OpenAI CEO Sam Altman has headed to Washington, testifying before the US Senate that AI needs regulation, even for his own company’s ChatGPT.
While in front of the Senate subcommittee for privacy, technology and the law, Altman called out AI’s impact on election integrity, stating that it is a “significant area of concern.”
His solution? A national or international agency with the authority to license the biggest AI systems, complete with the power to “take that license away and ensure compliance with safety standards.” Critics are calling this a move to limit further innovation within the space.

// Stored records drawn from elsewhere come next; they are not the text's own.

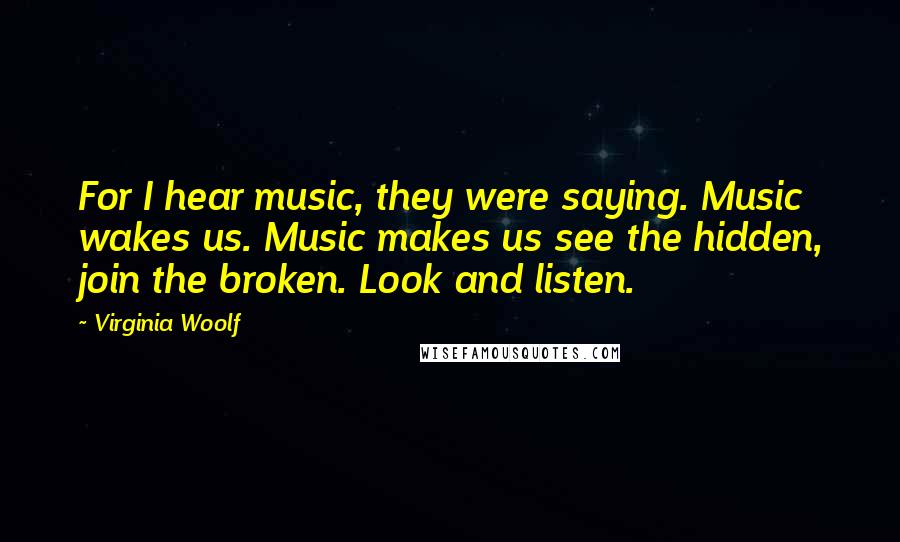 Virginia Woolf Quotes: For I hear music, they were saying. Music wakes us. Music makes us see the hidden, join the broken. Look and listen.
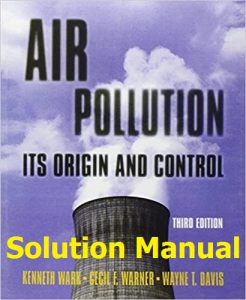 Download Solution Manual Air Pollution by Kenneth Wark and Cecil Warner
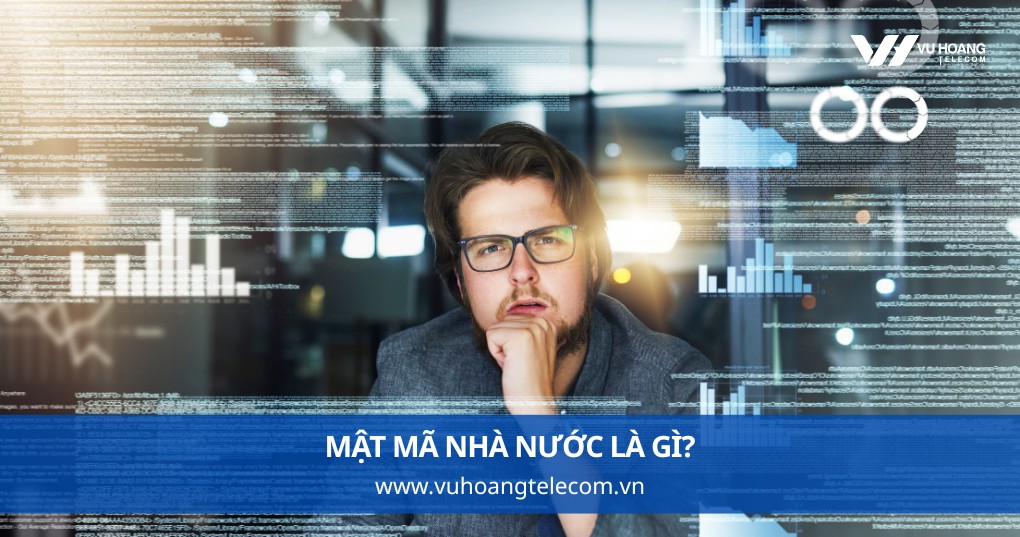 Mật Mã Nhà Nước Là Gì?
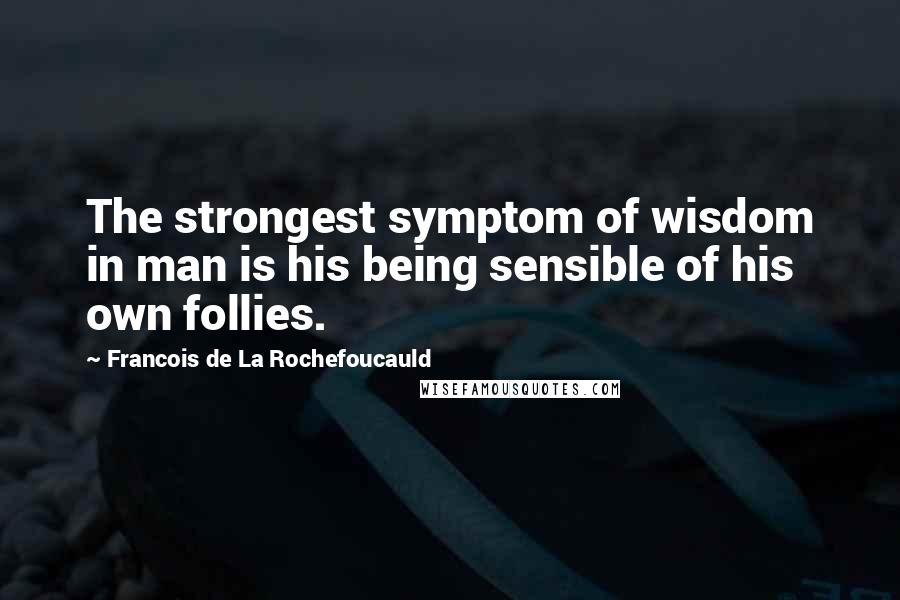 Francois De La Rochefoucauld Quotes: The strongest symptom of wisdom in man is his being sensible of his own follies.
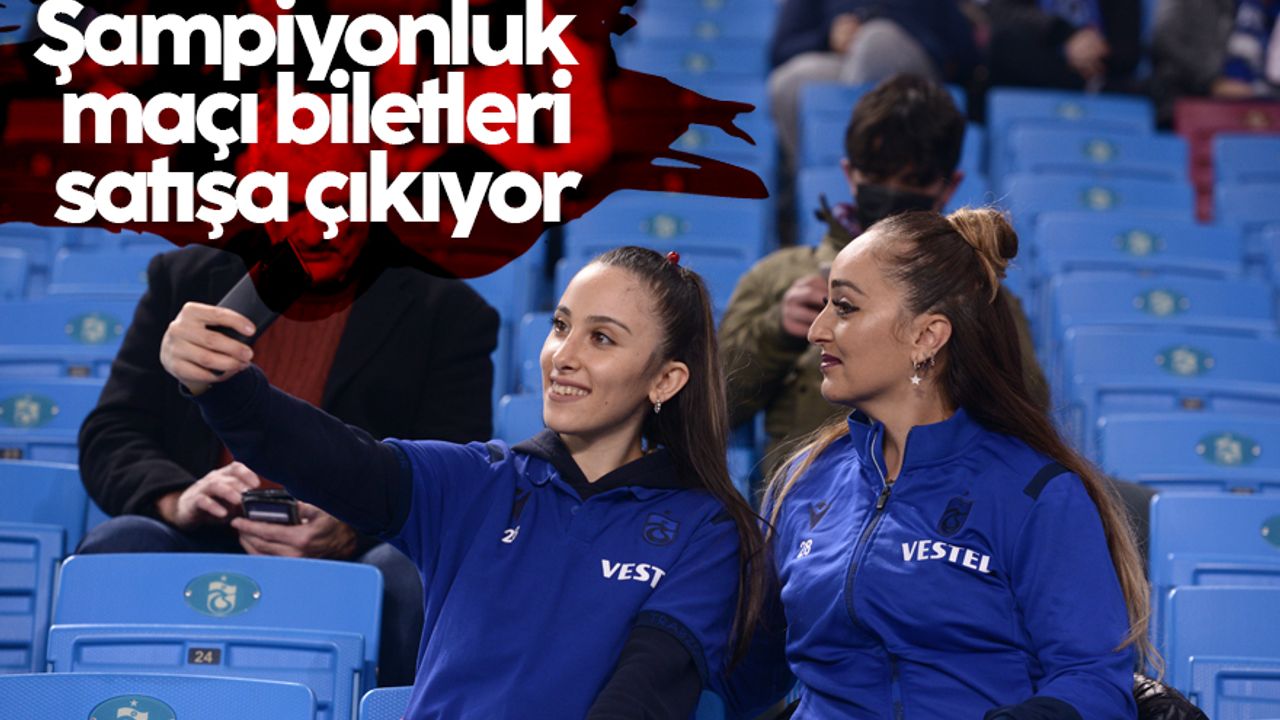 Trabzonspor'un 'şampiyonluk maçı' biletleri satışa çıkıyor: İşte fiyatlar...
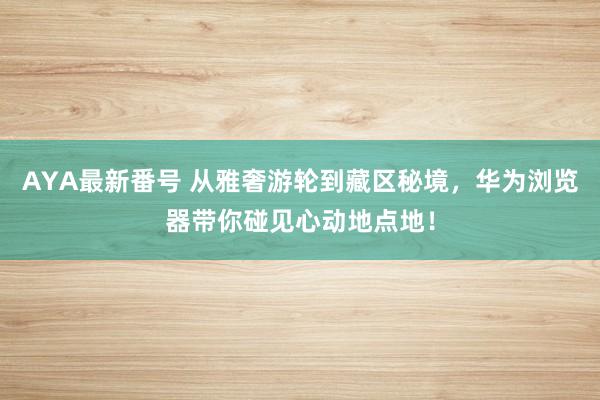 AYA最新番号 从雅奢游轮到藏区秘境，华为浏览器带你碰见心动地点地！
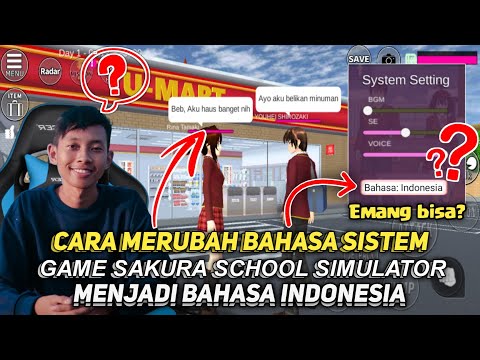 CARA MENGGANTI BAHASA DI SAKURA SCHOOL SIMULATOR MENJADI INDONESIA TERBARU 2021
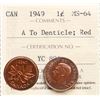 Image 1 : 1949 1¢ A to Denticle ICCS Choice Mint State-64RED.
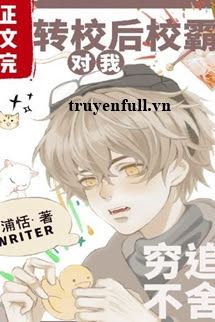 Truyện Sau Khi Chuyển Trường Trùm Trường Theo Đuổi Tui Không Tha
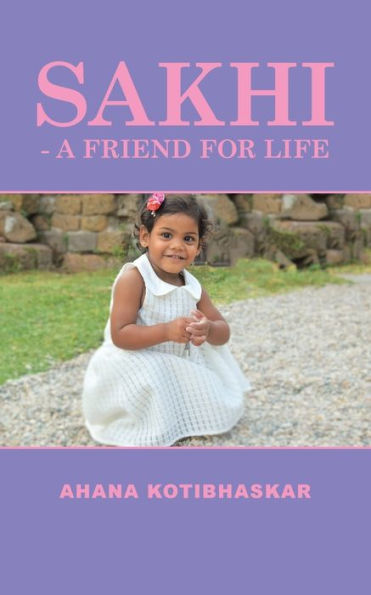 Sakhi - A Friend For Life
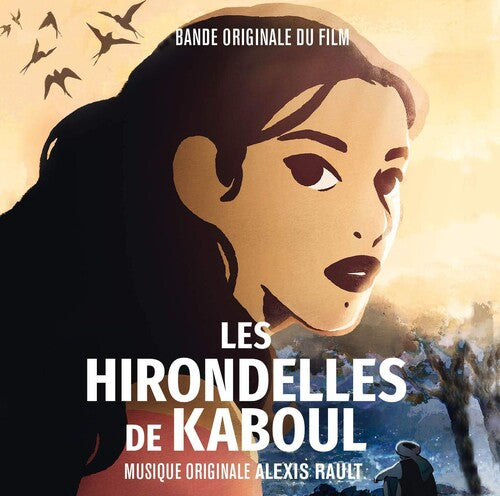 Rault, Alexis: Les Hirondelles De Kaboul (Original Soundtrack) - CD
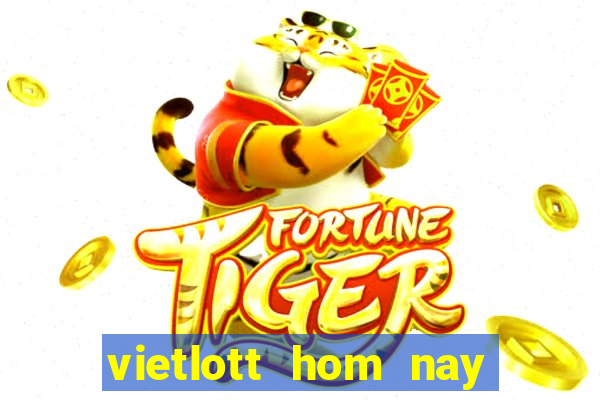 vietlott hom nay truc tiep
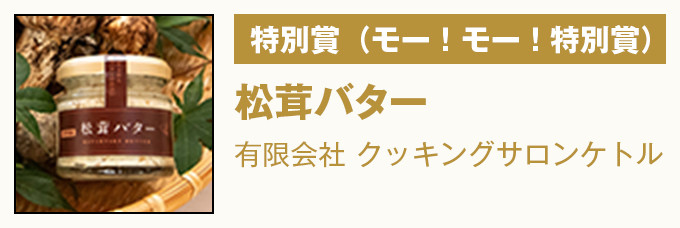特別賞（モー！モー！特別賞） 『松茸バター』　有限会社　クッキングサロンケトル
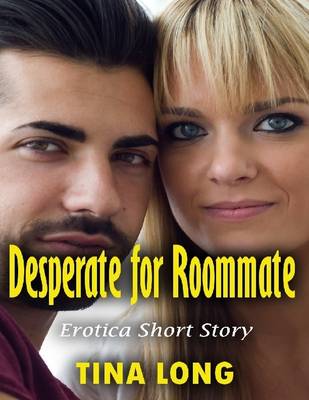 Book cover for Desperate for Roommate: Erotica Short Story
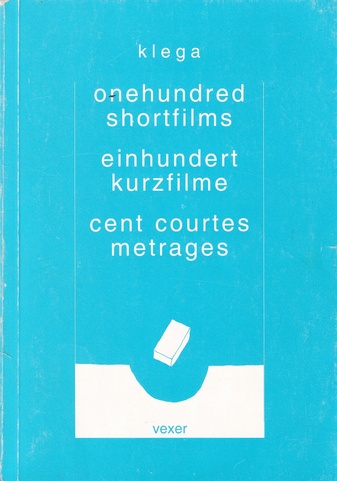 klega. onehundred shortfilms/ einhundert kurzfilme/ cent courtes metrages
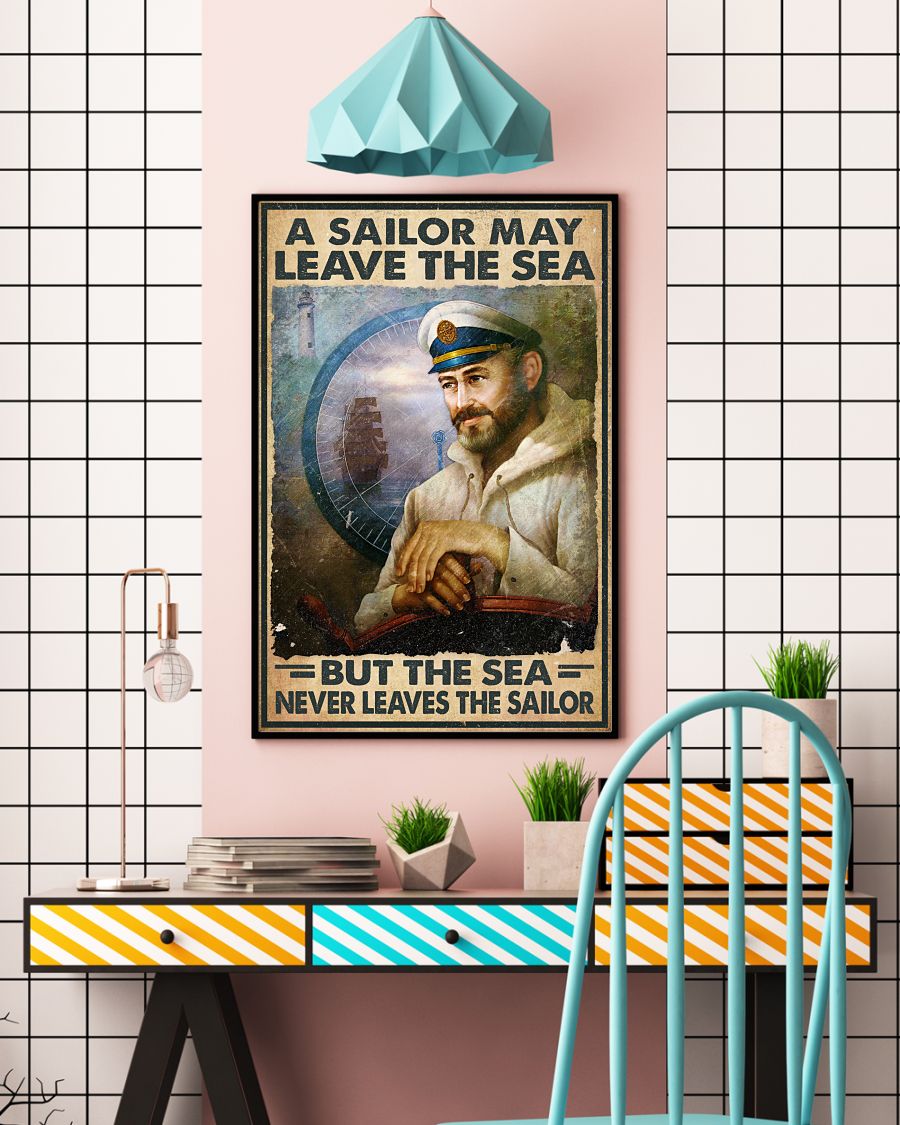 A Sailor May Leave The Sea But The Sea Never Leaves The Sailor Posterc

Sam Altman’s Senate Panel Remarks
Altman focused on the difference between AI and social media in order to argue that an entirely new regulatory agency is needed, whether in the US or globally, the New York Times reports.
“I think if this technology goes wrong, it can go quite wrong. And we want to be vocal about that. We want to work with the government to prevent that from happening.” ~Sam Altman
Despite calling for a new regulatory agency, Altman remained fairly optimistic about the benefits of AI, downplaying certain concerns such as the potential for a reduction in jobs as a result of the greater AI-powered automation.
While AI will automate some jobs, he claims, it will at the same time create new ones that “we believe will be much better.”
AI and Regulatory Capture: Squashing Innovation?
Is Altman’s perspective the wisdom of an insider who cares for a slow, steady process? It may well be. Some critics have a different explanation.
They think that Altman’s call for regulation is a ploy to create an environment that could keep potential rivals from growing powerful enough to knock OpenAI off its perch as one of the biggest AI companies. In effect, these critics say, Altman would be pulling the ladder up behind himself.
An industry leader calling for regulation within that industry is rare, but regulatory capture — the term refering to a company gaining control over the regulatory group designed to keep it in check — is not.
Regulatory capture in action: Facebook, Palantir, OpenAI all say, "regulate us," for it 1) absolves them of their own decision-making and 2) acts as a barrier to entry to new, small competitors. https://t.co/2T3r6w3UeR
— Jeff (Gutenberg Parenthesis) Jarvis (@jeffjarvis) May 16, 2023
Privacy expert Elizabeth M. Renieris tweeted her own concerns, too, arguing that Altman “wants a new agency because it buys him lots of time to pretend they’re unregulated.”
AI Could Be Regulated in a Lot of Ways
One final question remains: How and in what ways should AI be regulated? Plenty of concerns about the technology can all compete with each other for attention: Copyright issues, training data vetting, job protections, and even the possibility of a universal basic income have all been raised.
Should the use of AI require an acknowledgement? For the record, I wrote this article without any AI help.
If we don’t have the correct people in charge of regulation, we might wind up missing the forest for the machine-learning trees.